[llvm-bugs] [Bug 29041] Incorrect conversion from float to char to int

via llvm-bugs llvm-bugs at lists.llvm.org
Fri Aug 19 02:13:01 PDT 2016


https://llvm.org/bugs/show_bug.cgi?id=29041

James Molloy <james.molloy at arm.com> changed:

           What    |Removed                     |Added
----------------------------------------------------------------------------
             Status|ASSIGNED                    |RESOLVED
         Resolution|---                         |FIXED

--- Comment #6 from James Molloy <james.molloy at arm.com> ---
This is slightly more involved; I'm going to resolve this as FIXED but actually
your testcase has undefined behaviour.

Your case converts a float directly to an unsigned char, which has undefined
behaviour on overflow. It is therefore correct to assume the result of the
FP-to-UI conversion leaves the uppermost 24 bits zeroed.

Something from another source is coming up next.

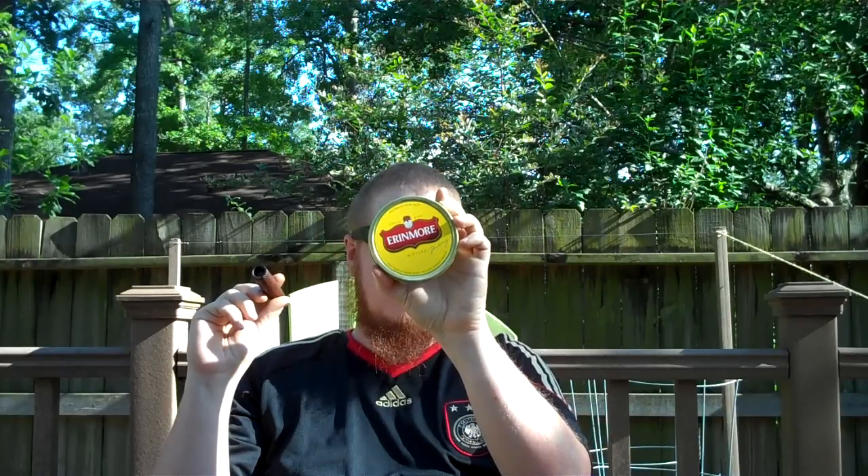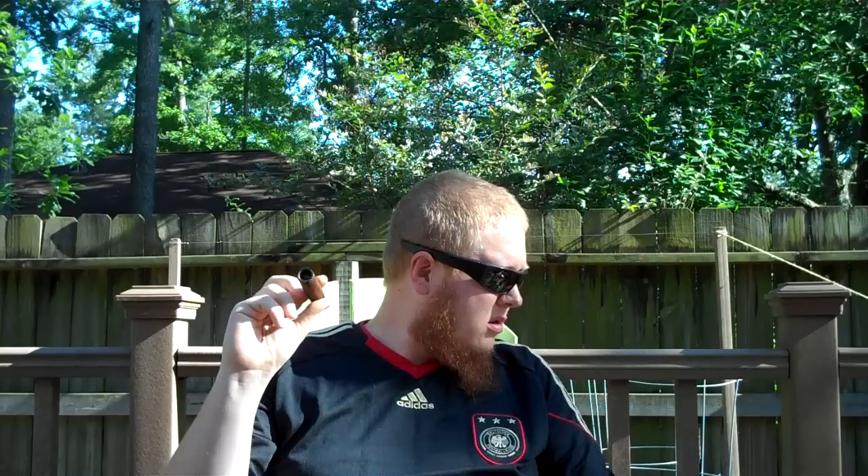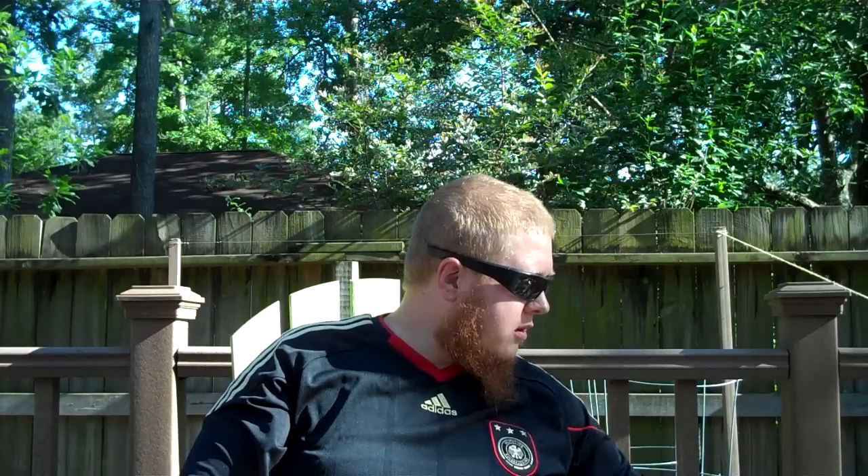I'm smoking Aranmore, a blend of Cavendish, Burley, and Virginia. It smells like figs in the tin — a nice, fruity smell. Tastes well too.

Now, we were doing a faulty transform where we converted the FP-to-UINT into a
FP-to-SINT and then not informing the rest of the optimizer that the resulting
int was sign extended not zero extended. This resulted in:

  fcvtzs w0, s0
  ret

Fixing this bug causes the expected output:

  fcvtzs w0, s0
  and w0, w0, #0xff
  ret

However, we're only doing that mask because we've decided to create a signed
conversion. If we undo that dodgy heuristic, we produce an unsigned conversion:

  fcvtzu w0, s0
  ret // Note no mask!

We don't need to mask because conversion from float->uint8_t is undefined if
the integer part of the float value is not representable in uint8_t. Therefore
we can assume this doesn't happen!

If you want the explicit mask (perhaps because you want to handle out of range
inputs by truncating mod 256), you should make the conversion convert from
float to uint32_t then truncate that:

  unsigned char charVal = (unsigned char)(unsigned int)infloatVal;

This then produces:

  fcvtzu w0, s0
  and w0, w0, #0xff
  ret

(Note, the above is with the dodgy heuristic fixed which isn't in trunk. So you
will just see the signed conversion and the mask as above which *does work* for
your case but only because the compiler is doing something stupid and shouldn't
be relied upon).

Cheers,

James

Codegen fix in r279223.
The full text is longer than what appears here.